### Data to process ###

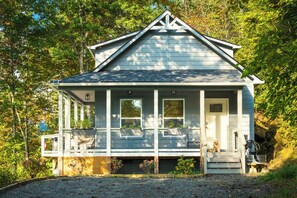 Exterior - New Cabin, Big Views, 2 Primaries, Fire Table, (Burnsville)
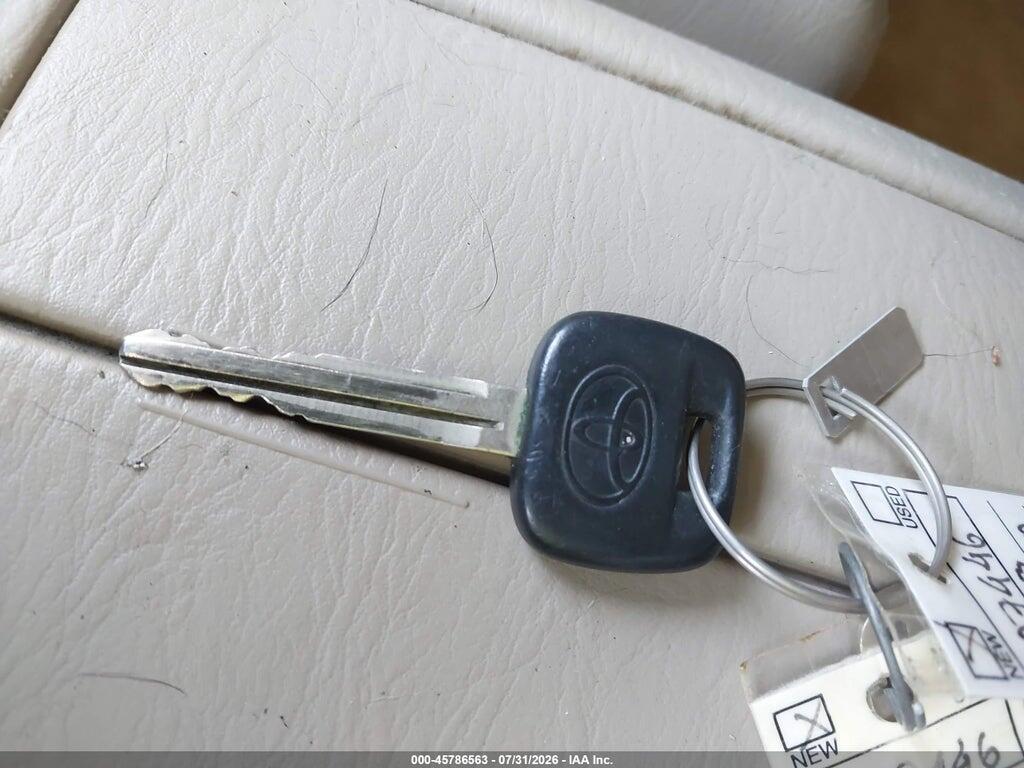 JTEGF21A330107446 2003 TOYOTA HIGHLANDER photo no. 11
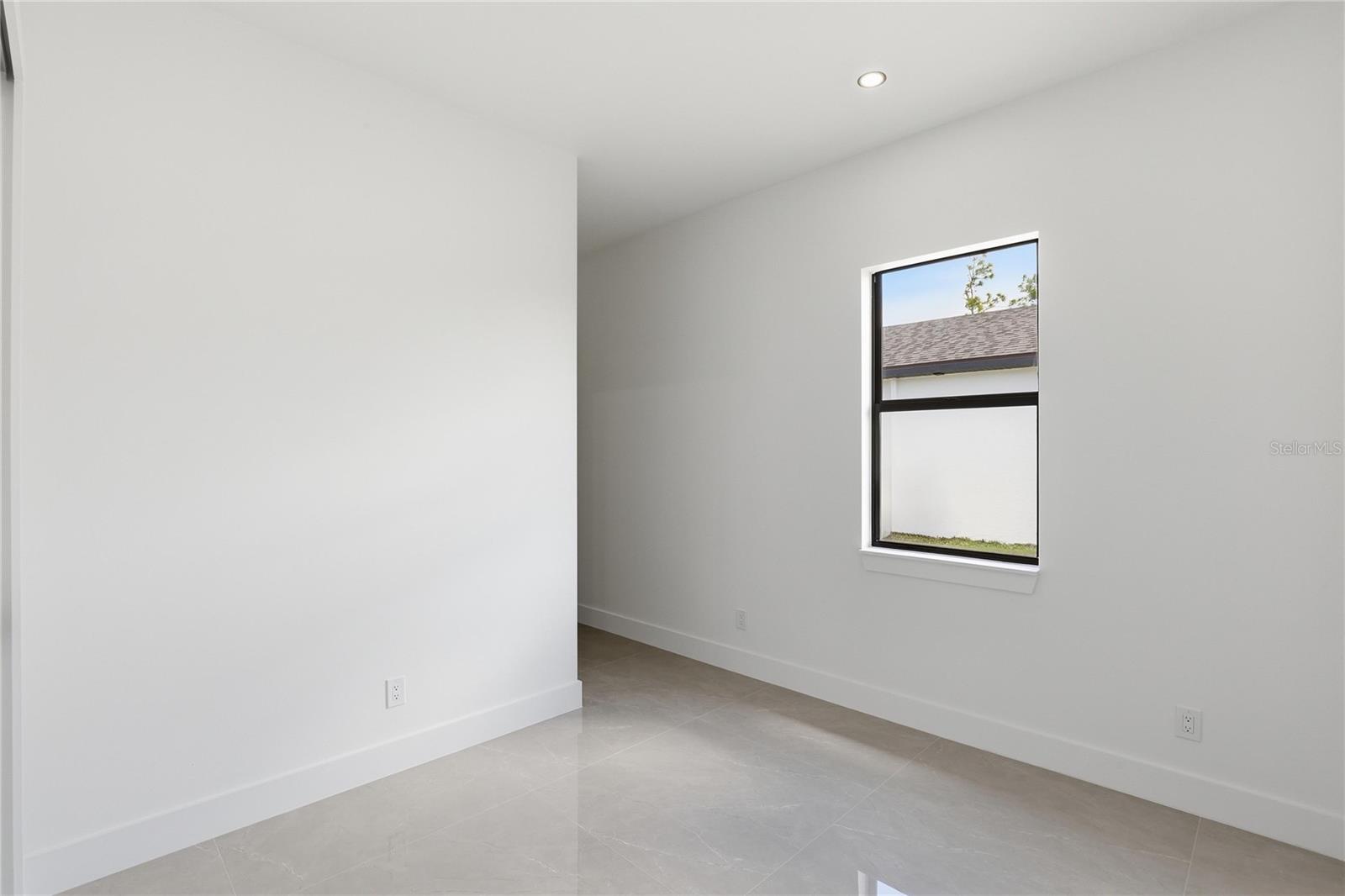 Image 20 of 27 For 1122 Edelweiss Street E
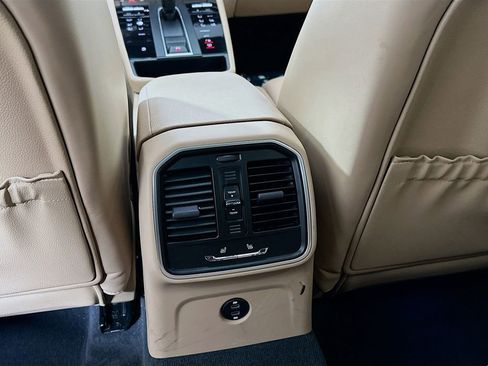 Used 2025 Porsche Macan image 27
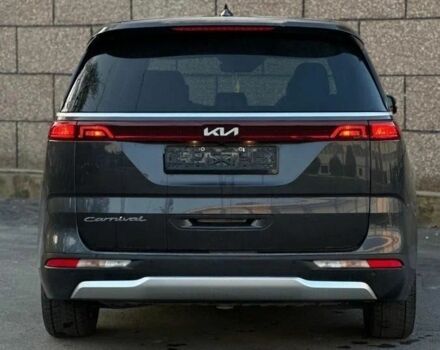 Серый Киа Карнивал, объемом двигателя 2.2 л и пробегом 78 тыс. км за 24900 $, фото 4 на Automoto.ua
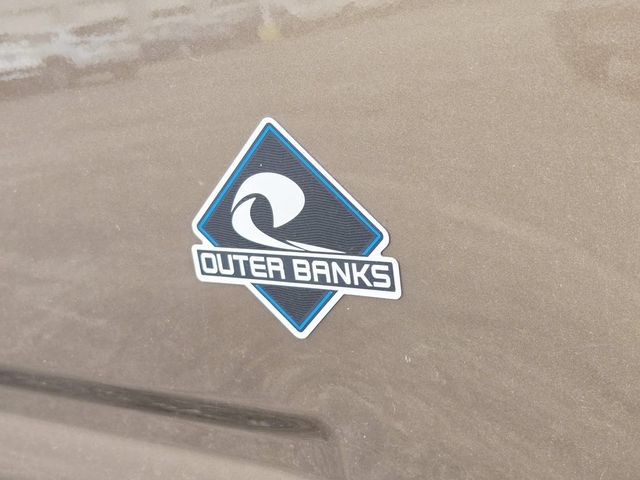 Ford Bronco Sport Vehicle Full-screen Gallery Image 15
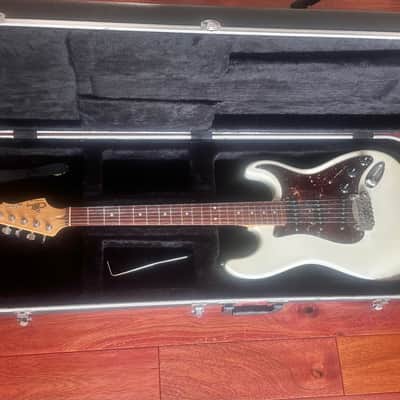 USA G&L Legacy  2008 - Olympic White Pearl image 2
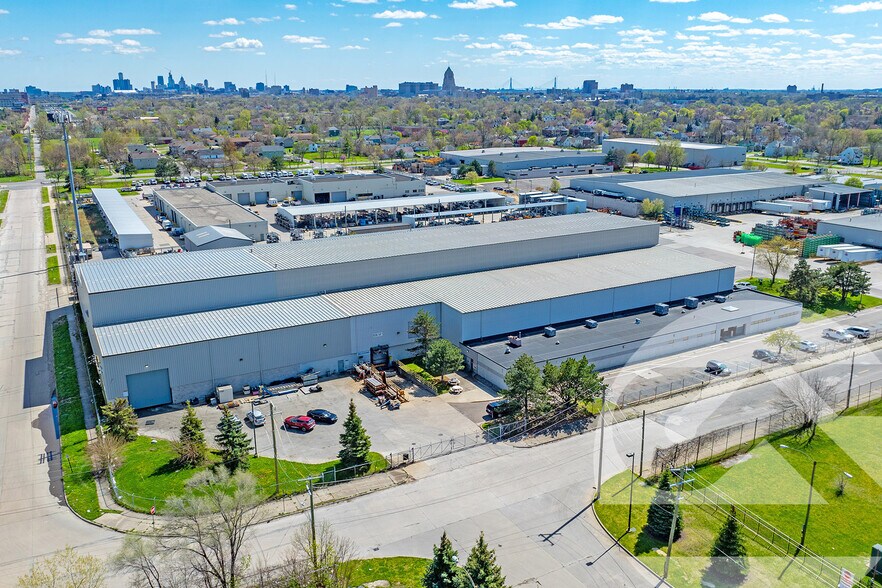 Oakland Campus portefeuille de 6 biens à vendre sur LoopNet.fr - Photo de l’immeuble – Image 3 sur 7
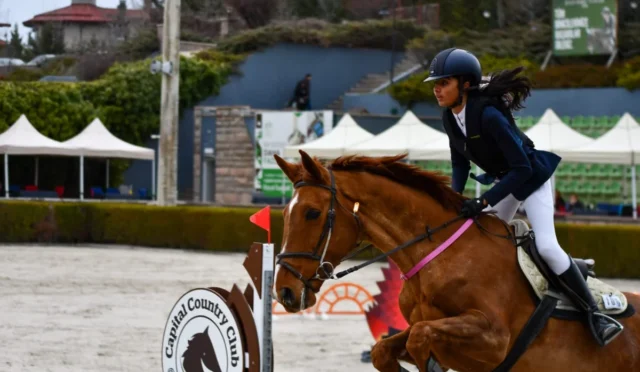 Defne Turasan binicilik yarışmasında kupayı kaldırırken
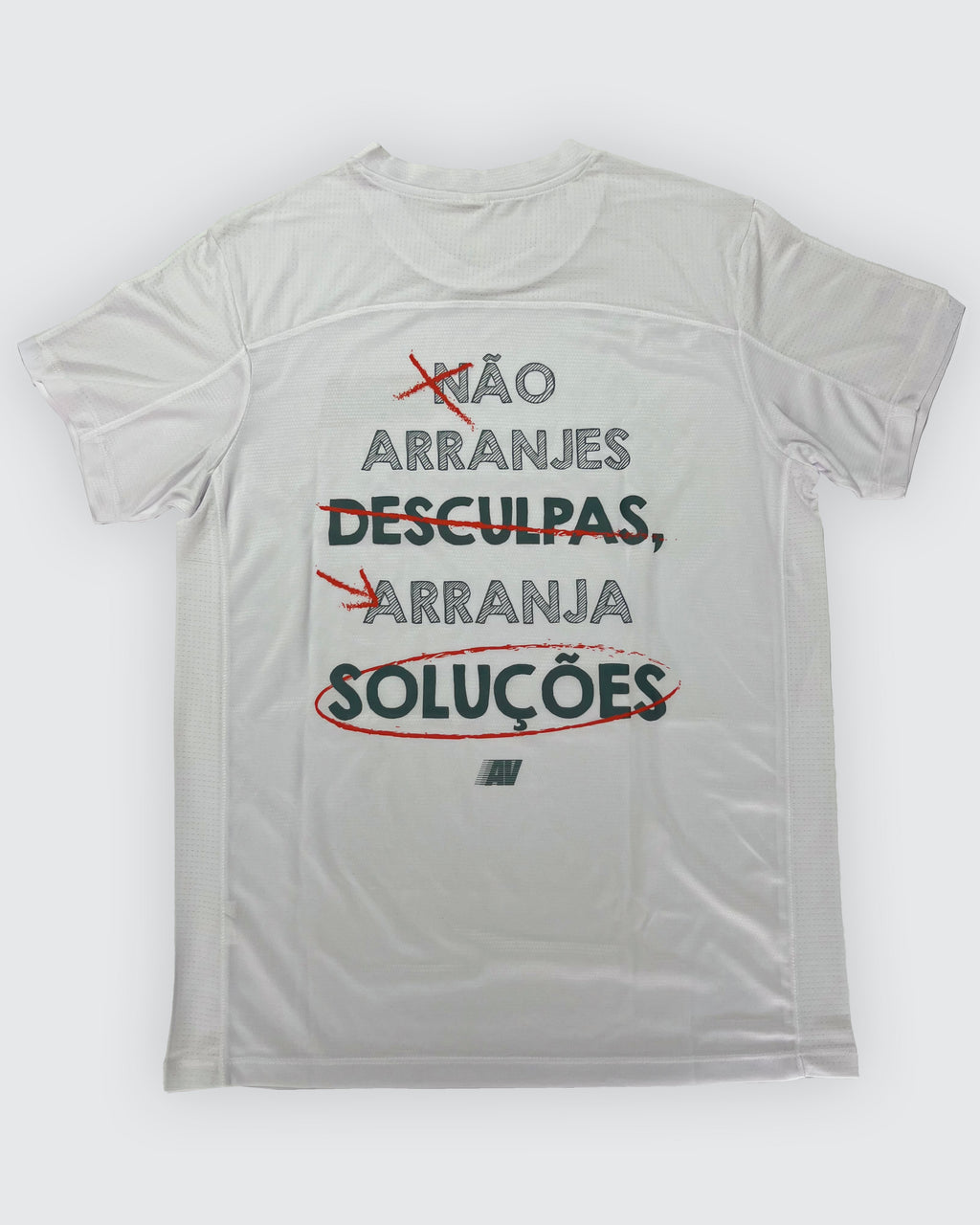 T-Shirt Não Arranjes Desculpas Branca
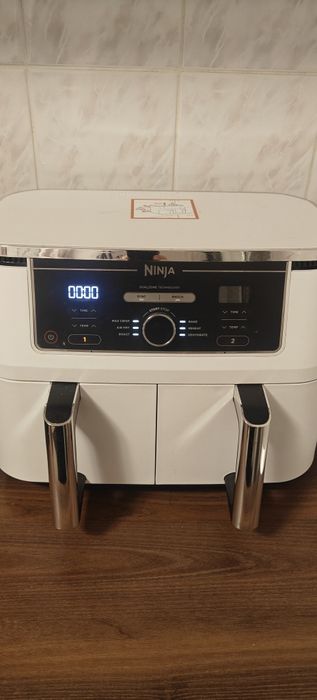 Friteuza cu aer cald Ninja AF400EUWH, 2470W, 9.5L, 6 programe de gatit,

###

The problem:
Skip the pictures. Restate exactly the lines from the start of the entries through the line containing "Defne Turasan binicilik", both ends included.

Answer:
 Exterior - New Cabin, Big Views, 2 Primaries, Fire Table, (Burnsville)
 JTEGF21A330107446 2003 TOYOTA HIGHLANDER photo no. 11
 Image 20 of 27 For 1122 Edelweiss Street E
 Used 2025 Porsche Macan image 27
 Серый Киа Карнивал, объемом двигателя 2.2 л и пробегом 78 тыс. км за 24900 $, фото 4 на Automoto.ua
 Ford Bronco Sport Vehicle Full-screen Gallery Image 15
 USA G&L Legacy  2008 - Olympic White Pearl image 2
 Oakland Campus portefeuille de 6 biens à vendre sur LoopNet.fr - Photo de l’immeuble – Image 3 sur 7
 Defne Turasan binicilik yarışmasında kupayı kaldırırken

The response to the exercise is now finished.